DATASET CONTENT >>
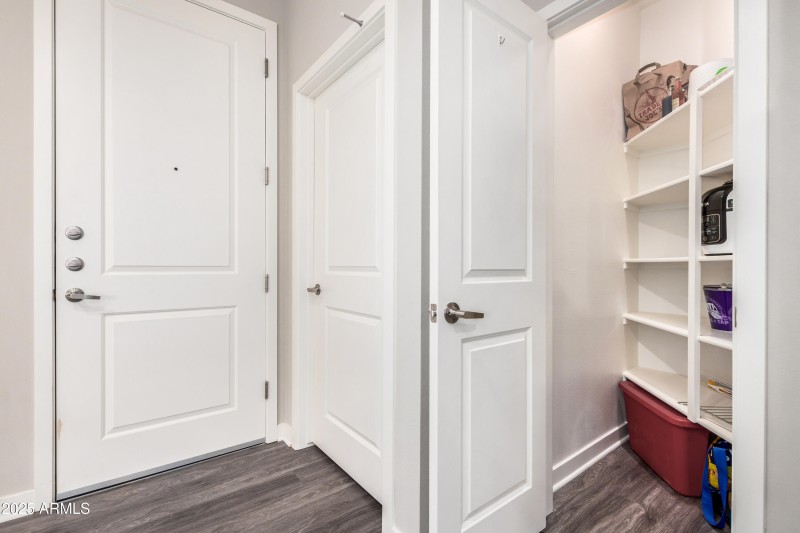 Walkin Pantry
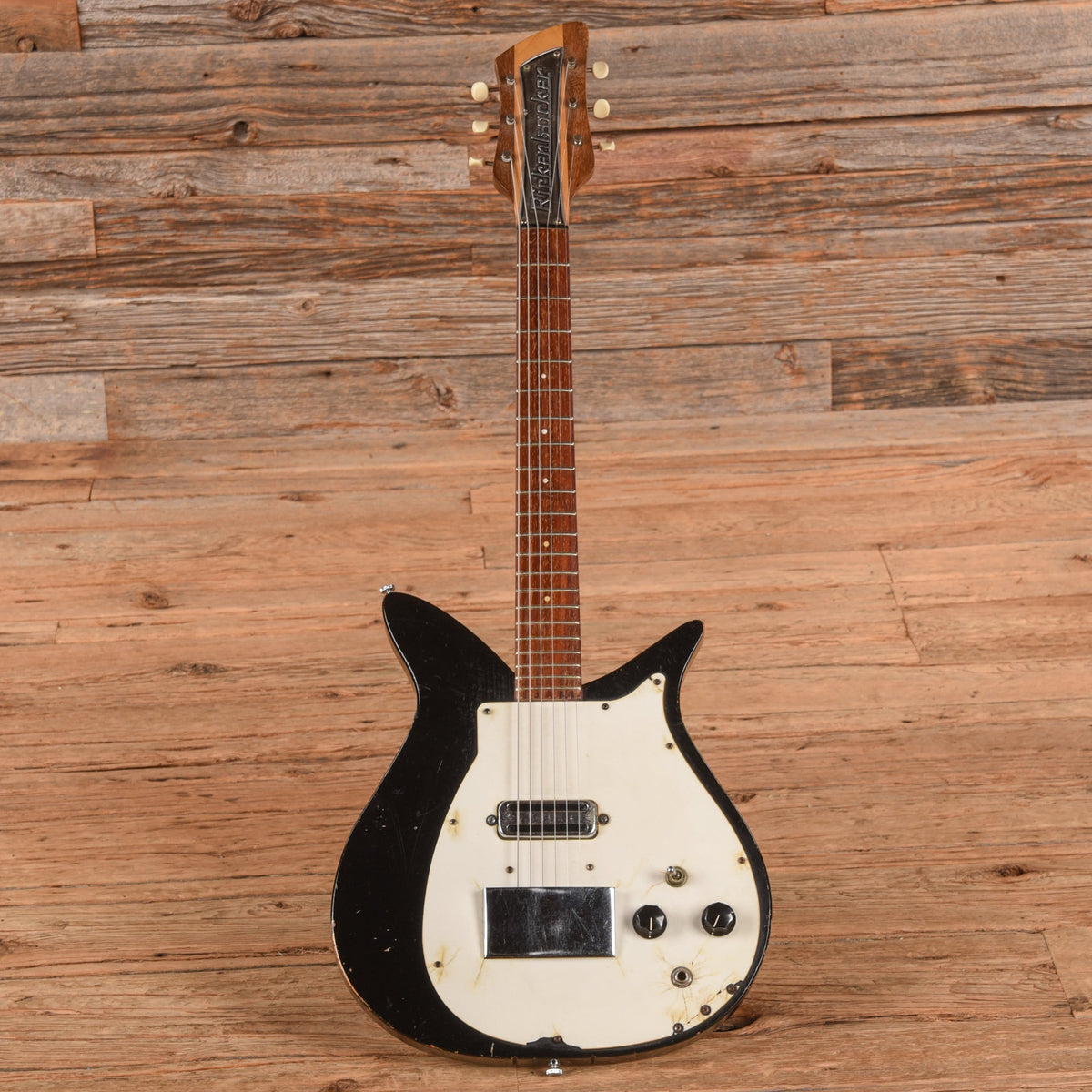 Rickenbacker Model 900 Jetglo 1960 - View 4 | MusicMarket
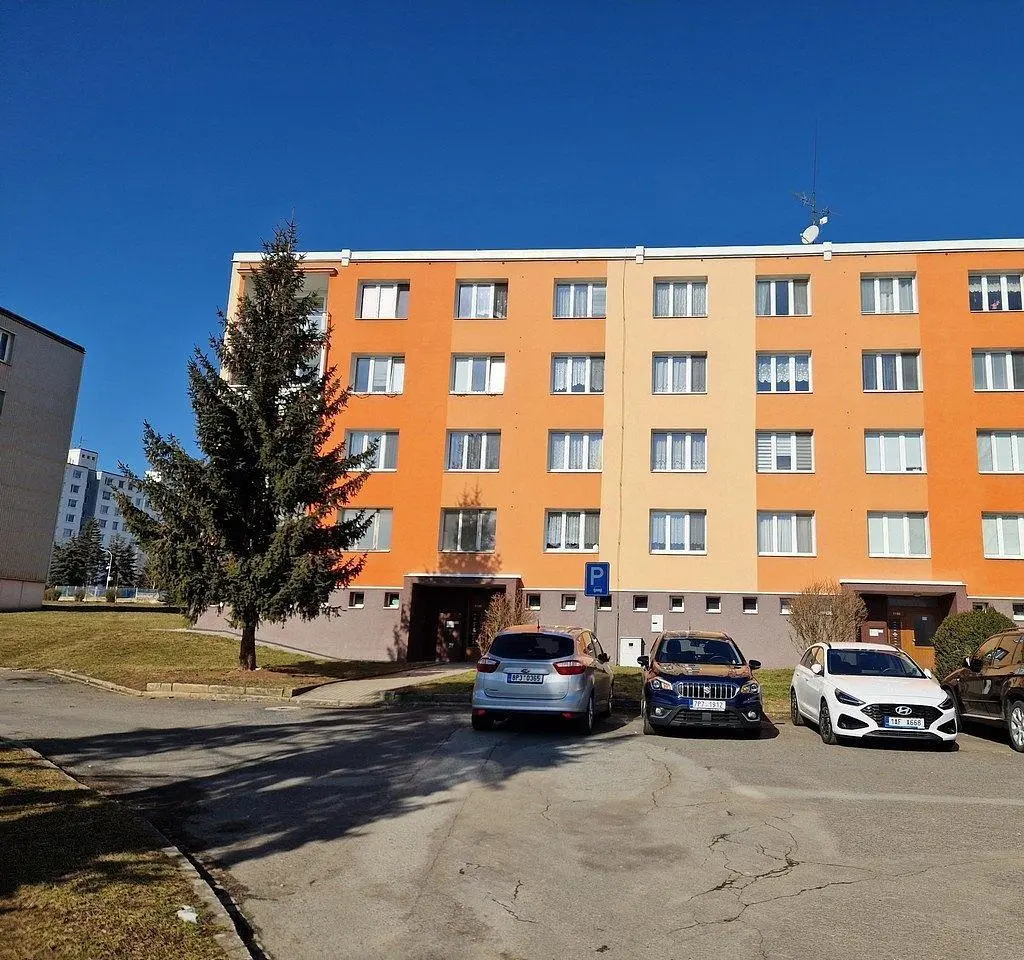 Kuća i okolina; pogled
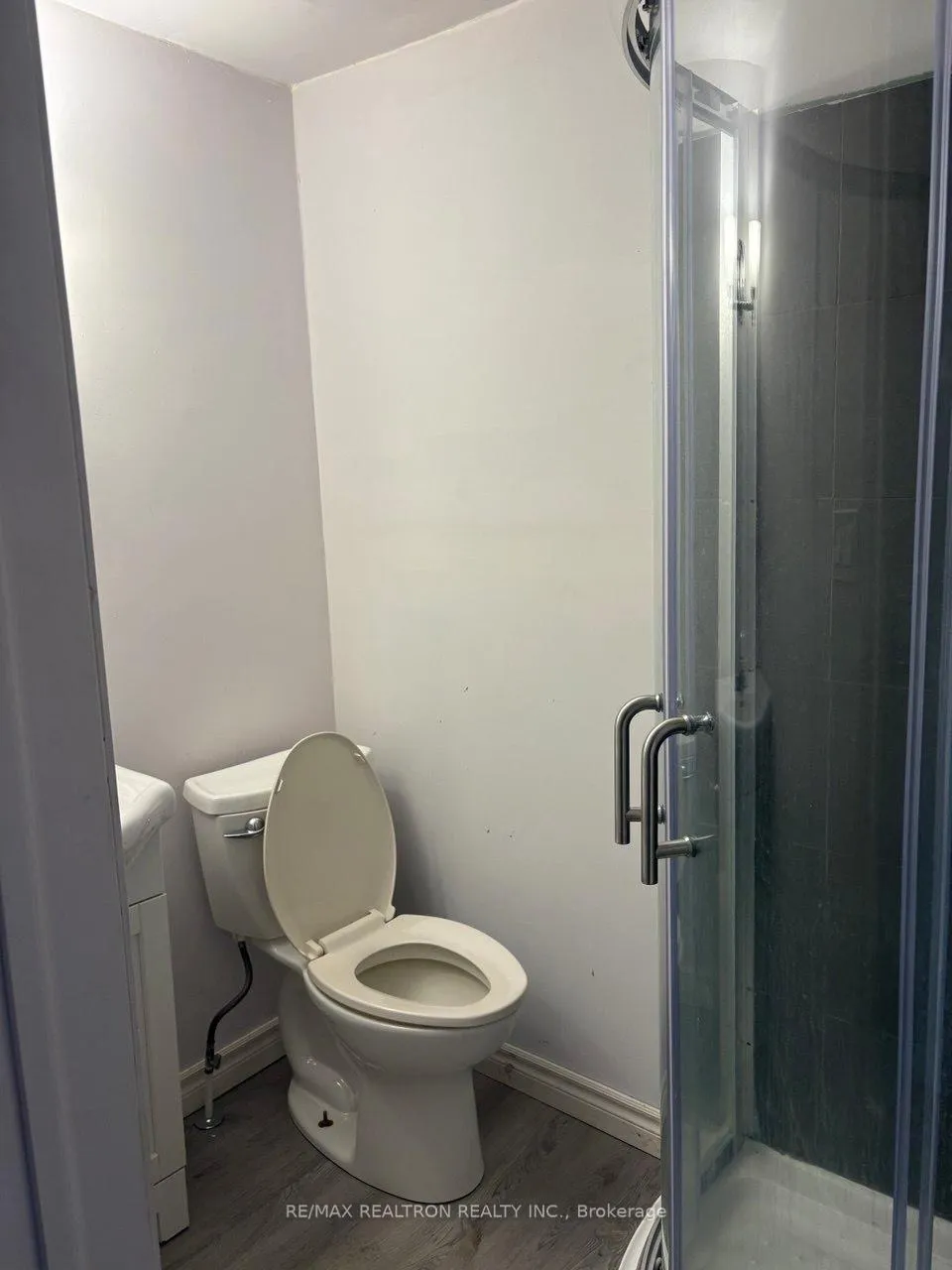 Photo 9 of Unit A, 15403 Yonge Street, Aurora, Aurora Village — HOMEH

WHAT YOU SHOULD DO >> Please repeat the listing above word for word, with the pictures removed.

ANSWER BOX >>
 Walkin Pantry
 Rickenbacker Model 900 Jetglo 1960 - View 4 | MusicMarket
 Kuća i okolina; pogled
 Photo 9 of Unit A, 15403 Yonge Street, Aurora, Aurora Village — HOMEH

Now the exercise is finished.